WEST WILDWOOD — Scott Golden, Christopher Fox and Cornelius Maxwell won seats on the Borough Commission in Tuesday’s election.

According to the Cape May County Clerk’s Office, unofficial vote totals have Maxwell receiving the most votes with 225, followed by Fox and Golden, who received 218 and 215 votes, respectively. A fourth candidate, Frank Stone, received 151 votes.

Mayor Herbert Frederick and Commissioner Gerard McNamara did not run for re-election.

Golden, who was first elected to the commission in 2008, said Tuesday night that he and his running mates were pleased with the results.

“We knocked on a lot of doors,” Golden said of the campaign.

He added that his immediate focus was on the town’s future.

“I’ll speak for my team. We want to reunite this family community,” Golden said. “It’s not about us. It’s about the community.”

Fox, who was first elected to the commission in 1996 and served as mayor, was a member of the governing body until 2008, when he opted not to run for re-election.
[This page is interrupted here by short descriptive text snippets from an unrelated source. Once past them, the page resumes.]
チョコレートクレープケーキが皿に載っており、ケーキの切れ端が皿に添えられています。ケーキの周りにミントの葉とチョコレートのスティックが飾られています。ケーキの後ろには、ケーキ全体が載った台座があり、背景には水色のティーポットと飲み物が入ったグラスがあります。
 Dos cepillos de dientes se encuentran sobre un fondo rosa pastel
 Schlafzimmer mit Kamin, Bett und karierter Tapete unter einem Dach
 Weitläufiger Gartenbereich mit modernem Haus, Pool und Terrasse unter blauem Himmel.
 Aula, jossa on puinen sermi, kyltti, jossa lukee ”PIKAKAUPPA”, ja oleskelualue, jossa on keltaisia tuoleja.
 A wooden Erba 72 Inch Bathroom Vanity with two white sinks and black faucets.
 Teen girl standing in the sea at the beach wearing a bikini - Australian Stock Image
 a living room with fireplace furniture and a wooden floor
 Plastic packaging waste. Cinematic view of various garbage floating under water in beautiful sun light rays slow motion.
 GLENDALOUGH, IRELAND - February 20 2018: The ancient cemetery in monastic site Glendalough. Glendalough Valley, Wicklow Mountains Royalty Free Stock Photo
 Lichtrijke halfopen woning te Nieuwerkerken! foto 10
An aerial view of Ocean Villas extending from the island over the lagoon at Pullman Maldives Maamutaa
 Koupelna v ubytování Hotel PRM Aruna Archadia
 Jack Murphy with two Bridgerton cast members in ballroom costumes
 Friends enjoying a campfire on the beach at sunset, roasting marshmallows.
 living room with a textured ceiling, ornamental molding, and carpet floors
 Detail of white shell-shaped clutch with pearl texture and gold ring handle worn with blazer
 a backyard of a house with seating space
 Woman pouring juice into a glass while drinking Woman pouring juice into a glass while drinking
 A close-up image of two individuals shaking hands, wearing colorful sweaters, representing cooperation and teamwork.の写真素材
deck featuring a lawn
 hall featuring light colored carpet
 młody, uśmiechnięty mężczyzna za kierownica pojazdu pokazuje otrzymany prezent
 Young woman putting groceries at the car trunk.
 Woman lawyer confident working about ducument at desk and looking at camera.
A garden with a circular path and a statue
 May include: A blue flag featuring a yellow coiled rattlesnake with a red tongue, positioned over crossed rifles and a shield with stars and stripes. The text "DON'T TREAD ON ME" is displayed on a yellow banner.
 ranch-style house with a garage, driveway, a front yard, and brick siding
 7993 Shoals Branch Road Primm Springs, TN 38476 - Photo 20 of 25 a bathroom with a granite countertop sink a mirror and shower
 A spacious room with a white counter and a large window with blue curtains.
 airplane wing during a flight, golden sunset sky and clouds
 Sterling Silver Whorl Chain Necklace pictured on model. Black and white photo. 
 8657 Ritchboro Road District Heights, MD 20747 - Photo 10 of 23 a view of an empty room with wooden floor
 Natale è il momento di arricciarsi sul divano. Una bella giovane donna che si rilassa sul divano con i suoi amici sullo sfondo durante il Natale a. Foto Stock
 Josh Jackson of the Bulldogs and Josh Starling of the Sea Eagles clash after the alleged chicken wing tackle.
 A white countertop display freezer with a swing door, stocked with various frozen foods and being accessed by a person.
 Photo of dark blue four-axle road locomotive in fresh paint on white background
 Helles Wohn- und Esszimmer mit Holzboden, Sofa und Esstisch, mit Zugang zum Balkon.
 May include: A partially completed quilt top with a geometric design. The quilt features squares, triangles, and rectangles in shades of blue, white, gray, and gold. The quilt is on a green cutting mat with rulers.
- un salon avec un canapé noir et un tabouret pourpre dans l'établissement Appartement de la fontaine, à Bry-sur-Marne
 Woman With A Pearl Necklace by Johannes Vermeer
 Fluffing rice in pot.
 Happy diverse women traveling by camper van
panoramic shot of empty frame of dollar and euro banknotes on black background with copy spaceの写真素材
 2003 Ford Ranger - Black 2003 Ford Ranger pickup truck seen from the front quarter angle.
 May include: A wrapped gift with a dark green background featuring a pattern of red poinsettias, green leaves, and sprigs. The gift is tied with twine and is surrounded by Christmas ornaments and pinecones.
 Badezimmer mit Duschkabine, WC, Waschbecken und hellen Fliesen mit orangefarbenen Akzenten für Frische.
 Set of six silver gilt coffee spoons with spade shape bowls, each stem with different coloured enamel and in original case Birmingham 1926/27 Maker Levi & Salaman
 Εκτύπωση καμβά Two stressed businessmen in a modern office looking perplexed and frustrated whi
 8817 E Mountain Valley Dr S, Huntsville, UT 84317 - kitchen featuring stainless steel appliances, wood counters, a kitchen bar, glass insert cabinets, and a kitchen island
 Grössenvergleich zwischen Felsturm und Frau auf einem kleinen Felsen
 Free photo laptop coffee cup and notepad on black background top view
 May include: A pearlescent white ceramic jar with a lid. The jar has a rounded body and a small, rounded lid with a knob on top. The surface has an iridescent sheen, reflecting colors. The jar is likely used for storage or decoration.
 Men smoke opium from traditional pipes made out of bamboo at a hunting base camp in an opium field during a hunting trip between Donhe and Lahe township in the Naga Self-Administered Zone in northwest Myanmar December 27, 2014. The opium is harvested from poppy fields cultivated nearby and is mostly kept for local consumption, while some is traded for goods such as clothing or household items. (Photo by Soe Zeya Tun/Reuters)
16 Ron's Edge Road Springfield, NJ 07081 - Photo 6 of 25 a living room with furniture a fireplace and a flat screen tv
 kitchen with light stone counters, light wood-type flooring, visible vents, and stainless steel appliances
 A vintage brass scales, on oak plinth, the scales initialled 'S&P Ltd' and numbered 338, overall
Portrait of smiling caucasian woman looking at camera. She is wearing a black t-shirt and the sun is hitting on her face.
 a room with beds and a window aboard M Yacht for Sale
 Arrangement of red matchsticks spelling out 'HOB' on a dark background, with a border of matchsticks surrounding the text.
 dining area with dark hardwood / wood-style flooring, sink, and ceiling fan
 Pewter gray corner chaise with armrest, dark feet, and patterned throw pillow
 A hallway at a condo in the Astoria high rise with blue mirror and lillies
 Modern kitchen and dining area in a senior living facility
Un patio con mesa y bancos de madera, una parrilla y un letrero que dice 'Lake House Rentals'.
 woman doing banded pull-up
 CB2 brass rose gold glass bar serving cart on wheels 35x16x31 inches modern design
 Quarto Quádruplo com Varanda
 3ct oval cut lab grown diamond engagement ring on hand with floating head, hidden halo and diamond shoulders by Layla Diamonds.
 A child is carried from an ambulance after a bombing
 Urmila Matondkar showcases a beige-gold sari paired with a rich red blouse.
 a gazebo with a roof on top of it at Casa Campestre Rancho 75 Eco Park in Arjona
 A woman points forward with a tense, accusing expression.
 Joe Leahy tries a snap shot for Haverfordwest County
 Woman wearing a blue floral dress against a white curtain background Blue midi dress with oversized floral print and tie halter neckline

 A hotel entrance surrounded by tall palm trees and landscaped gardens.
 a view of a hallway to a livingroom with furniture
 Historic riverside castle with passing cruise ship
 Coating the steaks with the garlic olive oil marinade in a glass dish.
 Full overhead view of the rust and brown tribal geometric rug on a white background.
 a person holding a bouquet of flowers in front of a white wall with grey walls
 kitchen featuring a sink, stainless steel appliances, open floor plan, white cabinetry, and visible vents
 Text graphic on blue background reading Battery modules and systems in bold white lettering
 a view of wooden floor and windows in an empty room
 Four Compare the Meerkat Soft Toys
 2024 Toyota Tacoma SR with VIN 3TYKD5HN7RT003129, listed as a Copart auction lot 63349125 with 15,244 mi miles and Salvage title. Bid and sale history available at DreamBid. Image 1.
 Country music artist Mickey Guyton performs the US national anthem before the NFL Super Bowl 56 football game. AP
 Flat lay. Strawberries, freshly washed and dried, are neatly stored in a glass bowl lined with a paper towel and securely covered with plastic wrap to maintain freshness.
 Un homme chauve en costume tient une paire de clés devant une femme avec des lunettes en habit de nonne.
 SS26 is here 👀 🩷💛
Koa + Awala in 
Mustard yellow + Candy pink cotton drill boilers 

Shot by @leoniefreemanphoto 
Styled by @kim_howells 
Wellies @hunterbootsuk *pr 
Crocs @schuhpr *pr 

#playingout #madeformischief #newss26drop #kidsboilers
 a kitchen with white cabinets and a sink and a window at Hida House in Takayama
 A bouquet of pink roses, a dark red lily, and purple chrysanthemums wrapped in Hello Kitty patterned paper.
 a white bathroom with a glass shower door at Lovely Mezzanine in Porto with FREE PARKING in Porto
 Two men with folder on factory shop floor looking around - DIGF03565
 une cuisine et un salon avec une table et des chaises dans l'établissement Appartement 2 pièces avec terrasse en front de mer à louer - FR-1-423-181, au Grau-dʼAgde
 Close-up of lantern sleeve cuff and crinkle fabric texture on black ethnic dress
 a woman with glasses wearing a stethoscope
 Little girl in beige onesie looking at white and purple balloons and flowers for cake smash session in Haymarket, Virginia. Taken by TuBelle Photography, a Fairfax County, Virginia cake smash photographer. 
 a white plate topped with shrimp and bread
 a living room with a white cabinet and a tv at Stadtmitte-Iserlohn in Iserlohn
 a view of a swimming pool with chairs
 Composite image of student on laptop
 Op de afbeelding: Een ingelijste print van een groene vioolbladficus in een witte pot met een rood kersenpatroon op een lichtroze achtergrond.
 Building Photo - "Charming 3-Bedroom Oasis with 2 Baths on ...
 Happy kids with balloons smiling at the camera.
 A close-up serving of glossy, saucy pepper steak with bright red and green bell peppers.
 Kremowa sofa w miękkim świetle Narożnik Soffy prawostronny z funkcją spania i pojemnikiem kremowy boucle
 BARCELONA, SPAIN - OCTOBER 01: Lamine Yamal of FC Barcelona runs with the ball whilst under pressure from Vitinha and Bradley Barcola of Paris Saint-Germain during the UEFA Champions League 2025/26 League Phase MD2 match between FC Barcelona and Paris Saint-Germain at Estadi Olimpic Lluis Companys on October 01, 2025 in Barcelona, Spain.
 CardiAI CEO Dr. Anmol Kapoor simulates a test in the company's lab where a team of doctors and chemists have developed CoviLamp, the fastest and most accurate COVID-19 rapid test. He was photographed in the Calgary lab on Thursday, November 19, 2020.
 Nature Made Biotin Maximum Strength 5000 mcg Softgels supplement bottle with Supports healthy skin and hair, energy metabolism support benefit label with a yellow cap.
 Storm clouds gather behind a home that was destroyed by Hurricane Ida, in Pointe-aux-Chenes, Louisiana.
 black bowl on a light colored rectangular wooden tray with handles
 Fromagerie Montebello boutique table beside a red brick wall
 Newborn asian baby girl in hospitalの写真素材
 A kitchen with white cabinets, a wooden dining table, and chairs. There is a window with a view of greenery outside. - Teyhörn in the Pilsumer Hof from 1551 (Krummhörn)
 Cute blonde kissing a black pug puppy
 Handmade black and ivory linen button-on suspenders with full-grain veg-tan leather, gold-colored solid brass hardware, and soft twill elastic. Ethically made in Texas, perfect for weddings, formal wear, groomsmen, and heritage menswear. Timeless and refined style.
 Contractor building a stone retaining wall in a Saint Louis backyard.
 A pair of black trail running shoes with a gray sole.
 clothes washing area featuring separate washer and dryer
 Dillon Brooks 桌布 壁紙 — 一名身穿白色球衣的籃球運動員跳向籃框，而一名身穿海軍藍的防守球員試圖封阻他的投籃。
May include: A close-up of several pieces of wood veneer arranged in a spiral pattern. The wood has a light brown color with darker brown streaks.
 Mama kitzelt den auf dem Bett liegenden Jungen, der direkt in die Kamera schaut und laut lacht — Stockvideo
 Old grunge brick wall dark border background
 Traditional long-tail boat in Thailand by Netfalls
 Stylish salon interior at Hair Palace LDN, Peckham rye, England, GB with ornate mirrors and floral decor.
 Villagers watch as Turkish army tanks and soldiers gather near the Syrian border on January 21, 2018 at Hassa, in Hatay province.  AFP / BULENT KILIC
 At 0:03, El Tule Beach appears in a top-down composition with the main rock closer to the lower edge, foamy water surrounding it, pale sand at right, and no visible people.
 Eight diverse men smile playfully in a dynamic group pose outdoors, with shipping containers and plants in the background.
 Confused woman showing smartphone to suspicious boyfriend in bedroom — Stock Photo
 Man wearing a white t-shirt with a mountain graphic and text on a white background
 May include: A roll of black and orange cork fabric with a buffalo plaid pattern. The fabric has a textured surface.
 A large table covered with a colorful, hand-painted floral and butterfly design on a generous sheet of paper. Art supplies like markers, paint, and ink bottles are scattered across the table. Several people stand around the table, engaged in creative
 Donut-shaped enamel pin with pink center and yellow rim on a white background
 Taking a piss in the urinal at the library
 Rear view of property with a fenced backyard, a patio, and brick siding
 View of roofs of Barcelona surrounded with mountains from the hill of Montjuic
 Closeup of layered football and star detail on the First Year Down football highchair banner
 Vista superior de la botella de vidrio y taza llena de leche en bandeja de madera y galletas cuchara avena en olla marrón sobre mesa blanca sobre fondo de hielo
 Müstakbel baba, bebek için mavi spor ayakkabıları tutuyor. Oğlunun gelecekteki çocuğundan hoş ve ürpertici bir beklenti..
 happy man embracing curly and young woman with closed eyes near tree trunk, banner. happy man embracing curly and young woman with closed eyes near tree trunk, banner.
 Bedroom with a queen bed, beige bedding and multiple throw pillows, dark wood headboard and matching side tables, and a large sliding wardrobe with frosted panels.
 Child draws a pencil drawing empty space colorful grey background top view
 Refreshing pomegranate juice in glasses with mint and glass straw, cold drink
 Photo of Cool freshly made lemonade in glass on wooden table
“We’re very excited that the people saw there needed to be a change,” Fox said. Like Golden, he said he wanted to reunite the town, which has seen some division along political lines in recent years, including more than one recall election.

Fox said the borough’s budget was in “bad shape” and he was going to take a look at it in hopes of avoiding future tax increases.

Fox, a former Wildwood police officer, said he also wanted to make the town safe and that the borough’s Police Department has been troubled, noting Cape May County Prosecutor Robert Taylor’s April statement that the department’s staffing is violating state law.

The violations involve the hiring of a former state trooper as a deputy chief and the overuse of Class II special law-enforcement officers.

Maxwell, like his running mates, also spoke of unifying the small town.

‘I just want to reunite this community and stop all this bickering,” he said, adding he would like to see the return of several community events.

He added, “We need to get our financial house in order.”

Voters also supported moving the town’s regular May elections to November. The previous administration had sought to move the election date by ordinance, but Fox and other residents challenged the move in court, arguing that the town’s voters should make the decision.

According to unofficial election results, 263 people voted in favor of switching the election to November, a move many towns have taken to save money, while 45 voted against the switch. That means the next election here will be in November 2016.

Golden said the new commission will be sworn into office at noon Tuesday, May 15, at Borough Hall.